» Material shown
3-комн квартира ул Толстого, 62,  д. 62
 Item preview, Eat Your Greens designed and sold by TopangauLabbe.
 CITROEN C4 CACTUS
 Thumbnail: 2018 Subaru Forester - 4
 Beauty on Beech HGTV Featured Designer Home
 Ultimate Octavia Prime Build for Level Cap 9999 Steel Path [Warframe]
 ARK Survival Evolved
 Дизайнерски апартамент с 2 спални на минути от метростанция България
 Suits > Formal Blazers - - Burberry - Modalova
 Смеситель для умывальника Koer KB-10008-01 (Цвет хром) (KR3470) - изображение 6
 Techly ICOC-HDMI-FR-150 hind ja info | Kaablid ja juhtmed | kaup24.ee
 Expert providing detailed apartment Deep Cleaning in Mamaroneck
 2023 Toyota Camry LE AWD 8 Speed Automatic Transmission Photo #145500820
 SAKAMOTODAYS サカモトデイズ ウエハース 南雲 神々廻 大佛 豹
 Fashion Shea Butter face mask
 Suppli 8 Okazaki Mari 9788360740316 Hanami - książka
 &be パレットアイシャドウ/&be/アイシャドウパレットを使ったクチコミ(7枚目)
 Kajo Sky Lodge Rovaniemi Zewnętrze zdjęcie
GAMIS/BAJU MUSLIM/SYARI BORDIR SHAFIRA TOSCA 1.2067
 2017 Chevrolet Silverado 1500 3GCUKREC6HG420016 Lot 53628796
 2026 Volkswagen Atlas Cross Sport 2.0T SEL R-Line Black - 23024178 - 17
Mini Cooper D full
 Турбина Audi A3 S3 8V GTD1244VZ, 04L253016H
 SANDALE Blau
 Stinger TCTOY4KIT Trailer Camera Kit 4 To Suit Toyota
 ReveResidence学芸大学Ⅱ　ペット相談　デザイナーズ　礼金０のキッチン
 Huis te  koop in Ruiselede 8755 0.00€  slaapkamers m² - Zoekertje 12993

» Exercise directions
Write out again, exactly, the line containing "SANDALE Blau" and every later line of the records. Omit the rest.

» Output of the task
 SANDALE Blau
 Stinger TCTOY4KIT Trailer Camera Kit 4 To Suit Toyota
 ReveResidence学芸大学Ⅱ　ペット相談　デザイナーズ　礼金０のキッチン
 Huis te  koop in Ruiselede 8755 0.00€  slaapkamers m² - Zoekertje 12993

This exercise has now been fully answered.